Meaning there might be no standard way in which packages implement setting capabilities yet. Therefore I wanted to look at a package that sets capabilities. For example package iputils-ping contains capability enabled binary ping. From the package postinst script:
/var/lib/dpkg/info/iputils-ping.postinst
#!/bin/sh
set -e
if [ "$1" = configure ]; then
# If we have setcap is installed, try setting cap_net_raw+ep,
# which allows us to install our binaries without the setuid
# bit.
if command -v setcap > /dev/null; then
if setcap cap_net_raw+ep /bin/ping; then
chmod u-s /bin/ping
else
echo "Setcap failed on /bin/ping, falling back to setuid" >&2
chmod u+s /bin/ping
fi
else
echo "Setcap is not installed, falling back to setuid" >&2
chmod u+s /bin/ping
fi
fi
exit 0
# Local variables:
# mode: shell-script
# tab-width: 4
# indent-tabs-mode: nil
# end:
dpkg -S /sbin/setcap
libcap2-bin: /sbin/setcap
cat debian/control | grep cap
Recommends: libcap2-bin
So if libcap2-bin does not get installed early enough (before iputils-ping) is installed, the Debian maintainer script will set SUID instead of using capabilities. Assuming that other packages might be implemented in a similar way, we should find a way to make sure package libcap2-bin is installed during the build process as early as possible.

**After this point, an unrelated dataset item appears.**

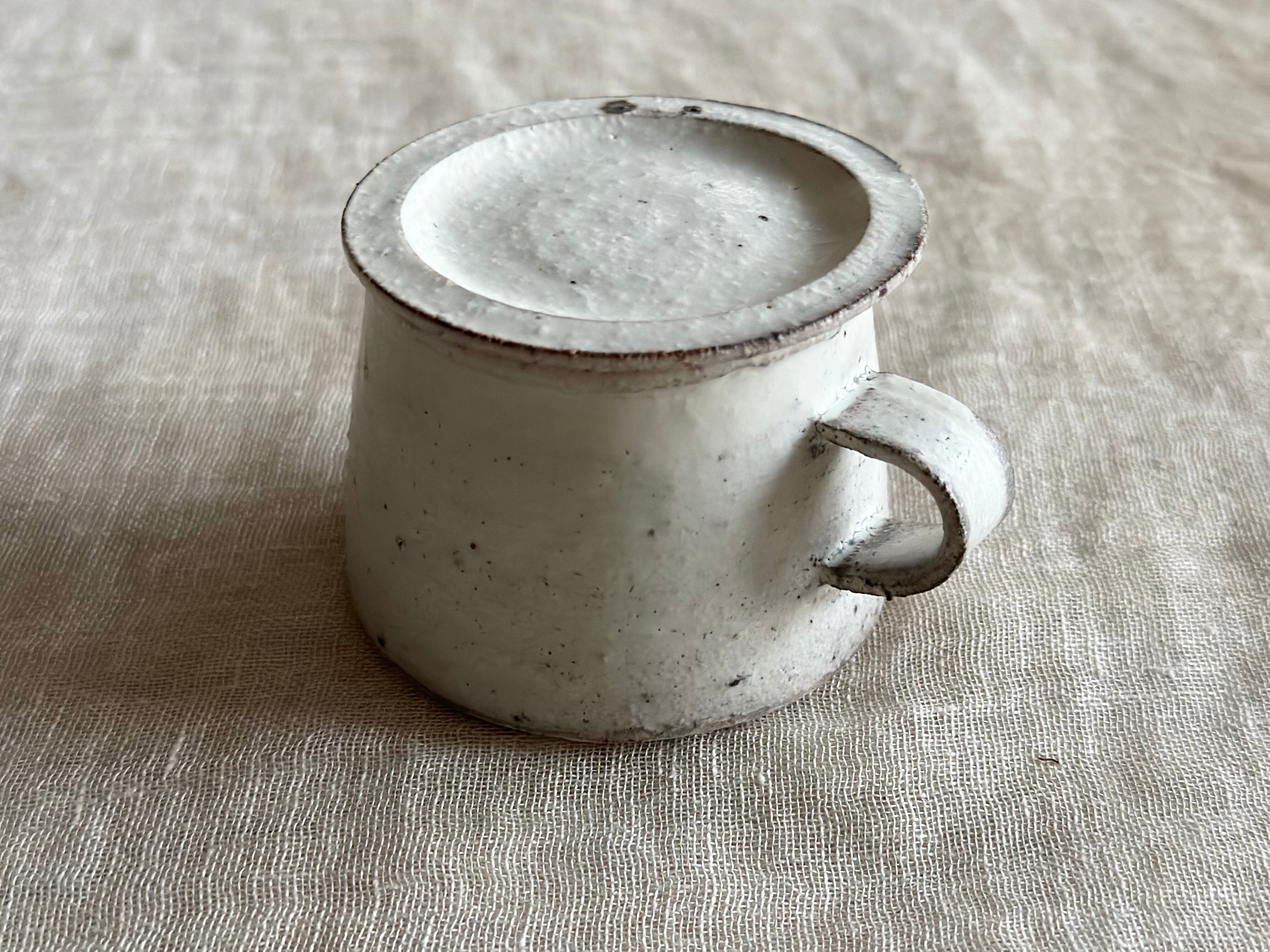 Shiromoegi 台形マグ(持ち手太)と蓋小皿のセット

Other random examples having a similar use of setcap:
Meanwhile for packages by Whonix or Kicksecure we can just add Depends: libcap2-bin in debian/control and run setcap during postinst.
Happy to work towards a completely SUID / SGID free by default system. Worthwhile development goal to even get rid of Whonix / Kicksecure requiring sudo / any /etc/sudoers.d exceptions?
Would be specifically interesting in context of:
Now this list of sudoers exceptions needs to be ported to capabilities.
Take into account systems no supporting fcaps, this includes:
(for now) non-Linux systems,
Linux w/ old kernels or kernels w/o fcap compiled in,
file systems not supporting fcaps, and/or w/o mount time enabled
xattr.
Or don’t care much about this and just ignore errors using setcap [...] || true?
Added to wiki:
It does not search folders /root because no SUID binaries should be there by default. That folder is by default readable only by root. If root was to create a custom SUID and move it there, then root should be able to execute it.
The lack of dpkg-statoverride support is an issue however. Maybe we can implement something ourselves via an apt / dpkg hook? I.e. on package upgrade, it checks /etc/permission-hardening.d/ for any needed capabilities and if so, sets them.
Capabilities don’t have the same configurability as sudoers exceptions. We cannot restrict which user can execute the program with higher privileges or what arguments they can use.
It may even be better to replace capabilities or setuid with sudoers exceptions as we can restrict execution of those binaries to specific users. For example, if /bin/example is setuid, it can be executed by any user and potentially exploited whereas if a sudoers exception was made, it will only be able to be executed by user user, preventing a compromised sdwdate user from exploiting that program.